Motivation: On one hand, confounder modeling is crucial for causal intervention, as evidenced by our new experiments that compare random confounders and our method (see our response to Weakness 5 for reviewer NEe5). But on the other hand, based on our survey, it remains an open question about cofounder modeling for visual recognition tasks. In this work, we present our understanding about cofounders modeling.

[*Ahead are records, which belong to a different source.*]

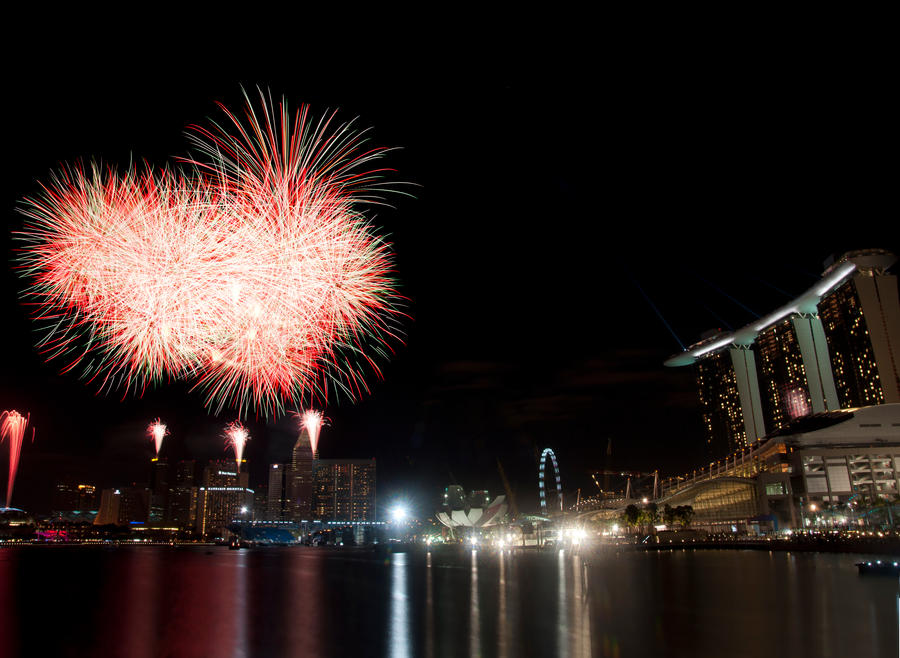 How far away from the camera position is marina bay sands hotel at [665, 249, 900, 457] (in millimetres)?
106000

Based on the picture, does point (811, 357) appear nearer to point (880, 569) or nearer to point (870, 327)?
point (870, 327)

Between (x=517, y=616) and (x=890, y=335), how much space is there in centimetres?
11497

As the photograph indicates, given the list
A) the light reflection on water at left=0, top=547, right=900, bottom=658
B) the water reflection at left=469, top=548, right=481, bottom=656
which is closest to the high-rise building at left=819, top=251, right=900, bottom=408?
the light reflection on water at left=0, top=547, right=900, bottom=658

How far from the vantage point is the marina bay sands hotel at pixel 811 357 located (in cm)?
10600

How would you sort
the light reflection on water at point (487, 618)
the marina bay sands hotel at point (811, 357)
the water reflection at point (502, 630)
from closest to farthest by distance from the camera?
the water reflection at point (502, 630) < the light reflection on water at point (487, 618) < the marina bay sands hotel at point (811, 357)

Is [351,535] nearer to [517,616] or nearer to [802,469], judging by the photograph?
[802,469]

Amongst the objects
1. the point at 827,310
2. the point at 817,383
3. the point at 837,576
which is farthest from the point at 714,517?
the point at 837,576

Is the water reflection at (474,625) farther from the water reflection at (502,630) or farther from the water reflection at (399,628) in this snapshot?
the water reflection at (399,628)

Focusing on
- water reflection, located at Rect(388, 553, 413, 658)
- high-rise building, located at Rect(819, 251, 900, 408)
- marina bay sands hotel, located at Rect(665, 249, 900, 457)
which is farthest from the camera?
marina bay sands hotel, located at Rect(665, 249, 900, 457)

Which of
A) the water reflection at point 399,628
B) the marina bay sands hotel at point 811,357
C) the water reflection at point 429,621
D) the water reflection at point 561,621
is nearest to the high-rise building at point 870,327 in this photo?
the marina bay sands hotel at point 811,357

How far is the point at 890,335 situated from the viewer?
345 feet

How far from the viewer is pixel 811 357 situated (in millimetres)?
126438

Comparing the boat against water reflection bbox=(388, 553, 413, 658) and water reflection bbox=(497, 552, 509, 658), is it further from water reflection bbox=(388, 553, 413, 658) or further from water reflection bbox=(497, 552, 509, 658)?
water reflection bbox=(388, 553, 413, 658)

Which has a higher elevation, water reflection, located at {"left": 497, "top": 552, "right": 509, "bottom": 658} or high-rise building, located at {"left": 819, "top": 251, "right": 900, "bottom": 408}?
high-rise building, located at {"left": 819, "top": 251, "right": 900, "bottom": 408} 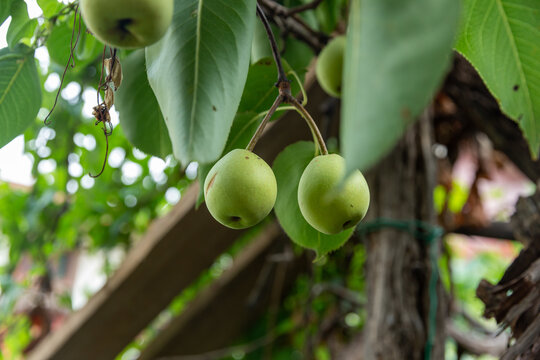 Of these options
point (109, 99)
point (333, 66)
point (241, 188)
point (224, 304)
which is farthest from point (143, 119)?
point (224, 304)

That is, confounders for recognizing a certain object are often hard to define and enumerate – objects, scene, and even the texture of the environment are all potential confounders.
Approach: We model the confounders by clustering the spatial features extracted with a pre-trained classification network, as the classification network tends to activate object-level, texture-level, or scene-level semantic concepts [1]. By clustering spatial features with K-means, we obtain a compact set of prototypes to represent potential confounders like objects, textures and scenes. Our approach is significant different from previous works like VC R-CNN [2] that relies on bounding box annotations (which are often absent for image classification task), and only considers pre-defined objects as confounders.
Validation: In the main body of our paper, we validate the effectiveness of our confounder modeling approach in Tab. 6, and investigate the impact of the number of clustering centers in Tab. 4. Furthermore, we compare our confounder modeling approach with simple random confounders during rebuttal (response to Weakness 5 for reviewer NEe5).
Limitation: As described in Sec. A.1 in our Supplemental Material, our confounder modeling approach is dataset-dependent, although our cross-dataset multi-label image classification experiments can justify its generalization ability to a large extent. On the other hand, although our modeled confounders are often concerned with object-level, texture-level and scene-level concepts, it is difficult to determine the specific semantics of these concepts, resulting in limited interpretability. We leave better confounder modeling approach as our future work.
[1] Zhou, Bolei, et al. "Learning deep features for discriminative localization." CVPR. 2016.
[2] Wang, Tan, et al. "Visual commonsense R-CNN." CVPR. 2020.
After the rebuttal and the authors-reviewers discussion period, the paper got 2 borderline rejects and 1 strong accept. Overall, the reviewers think the proposed method is novel and interesting. The proposed method uses a causal intervention approach to identify the causal label correlations and suppress spurious label correlations. The rebuttal answered most of the concerns about the experimental model analysis. After reading the paper, the reviews, and the rebuttal, the AC recommends to accept this paper. The AC acknowledges that some parts of the experimental section could be improved by adding the new results from the rebuttal, but the overall technical contribution is above the acceptance bar. The AC strong encourages the authors to update the paper by adding the key results from the rebuttal.